[THE PROBLEM]:
Lines before the one containing "Amethyst & Diamond Ring in 14ct Gold" are to be left out; that line and every line after it, through the last line below, are to be reproduced exactly.

[Caption-style text data]
• • • •

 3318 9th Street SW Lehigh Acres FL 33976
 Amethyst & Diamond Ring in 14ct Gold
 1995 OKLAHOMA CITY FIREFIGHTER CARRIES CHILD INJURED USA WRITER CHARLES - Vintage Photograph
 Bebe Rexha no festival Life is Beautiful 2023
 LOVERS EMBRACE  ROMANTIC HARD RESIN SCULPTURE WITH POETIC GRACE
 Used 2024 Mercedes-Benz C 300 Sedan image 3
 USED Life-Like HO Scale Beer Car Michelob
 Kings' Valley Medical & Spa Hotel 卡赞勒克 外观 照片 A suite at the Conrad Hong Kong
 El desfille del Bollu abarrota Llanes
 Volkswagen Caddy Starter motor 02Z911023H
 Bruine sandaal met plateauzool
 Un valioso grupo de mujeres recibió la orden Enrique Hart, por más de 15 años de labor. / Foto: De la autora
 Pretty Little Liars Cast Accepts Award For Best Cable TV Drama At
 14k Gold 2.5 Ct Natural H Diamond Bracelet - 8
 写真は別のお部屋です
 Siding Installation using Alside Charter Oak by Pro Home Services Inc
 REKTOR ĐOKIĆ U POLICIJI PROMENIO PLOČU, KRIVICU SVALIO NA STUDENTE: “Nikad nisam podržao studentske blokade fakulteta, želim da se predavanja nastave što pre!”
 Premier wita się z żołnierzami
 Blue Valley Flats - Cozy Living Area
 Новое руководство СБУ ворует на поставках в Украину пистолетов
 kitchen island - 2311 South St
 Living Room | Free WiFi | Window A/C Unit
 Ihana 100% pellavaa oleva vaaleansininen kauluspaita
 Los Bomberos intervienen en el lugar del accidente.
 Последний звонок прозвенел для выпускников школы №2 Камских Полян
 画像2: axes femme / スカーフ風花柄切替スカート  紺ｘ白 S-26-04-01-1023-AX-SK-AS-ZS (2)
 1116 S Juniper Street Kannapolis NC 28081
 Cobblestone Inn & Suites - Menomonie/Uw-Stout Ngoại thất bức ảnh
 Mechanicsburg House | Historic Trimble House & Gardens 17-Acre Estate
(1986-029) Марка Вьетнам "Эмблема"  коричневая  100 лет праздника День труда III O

• • • •

[ANSWER BELOW]:
 Amethyst & Diamond Ring in 14ct Gold
 1995 OKLAHOMA CITY FIREFIGHTER CARRIES CHILD INJURED USA WRITER CHARLES - Vintage Photograph
 Bebe Rexha no festival Life is Beautiful 2023
 LOVERS EMBRACE  ROMANTIC HARD RESIN SCULPTURE WITH POETIC GRACE
 Used 2024 Mercedes-Benz C 300 Sedan image 3
 USED Life-Like HO Scale Beer Car Michelob
 Kings' Valley Medical & Spa Hotel 卡赞勒克 外观 照片 A suite at the Conrad Hong Kong
 El desfille del Bollu abarrota Llanes
 Volkswagen Caddy Starter motor 02Z911023H
 Bruine sandaal met plateauzool
 Un valioso grupo de mujeres recibió la orden Enrique Hart, por más de 15 años de labor. / Foto: De la autora
 Pretty Little Liars Cast Accepts Award For Best Cable TV Drama At
 14k Gold 2.5 Ct Natural H Diamond Bracelet - 8
 写真は別のお部屋です
 Siding Installation using Alside Charter Oak by Pro Home Services Inc
 REKTOR ĐOKIĆ U POLICIJI PROMENIO PLOČU, KRIVICU SVALIO NA STUDENTE: “Nikad nisam podržao studentske blokade fakulteta, želim da se predavanja nastave što pre!”
 Premier wita się z żołnierzami
 Blue Valley Flats - Cozy Living Area
 Новое руководство СБУ ворует на поставках в Украину пистолетов
 kitchen island - 2311 South St
 Living Room | Free WiFi | Window A/C Unit
 Ihana 100% pellavaa oleva vaaleansininen kauluspaita
 Los Bomberos intervienen en el lugar del accidente.
 Последний звонок прозвенел для выпускников школы №2 Камских Полян
 画像2: axes femme / スカーフ風花柄切替スカート  紺ｘ白 S-26-04-01-1023-AX-SK-AS-ZS (2)
 1116 S Juniper Street Kannapolis NC 28081
 Cobblestone Inn & Suites - Menomonie/Uw-Stout Ngoại thất bức ảnh
 Mechanicsburg House | Historic Trimble House & Gardens 17-Acre Estate
(1986-029) Марка Вьетнам "Эмблема"  коричневая  100 лет праздника День труда III O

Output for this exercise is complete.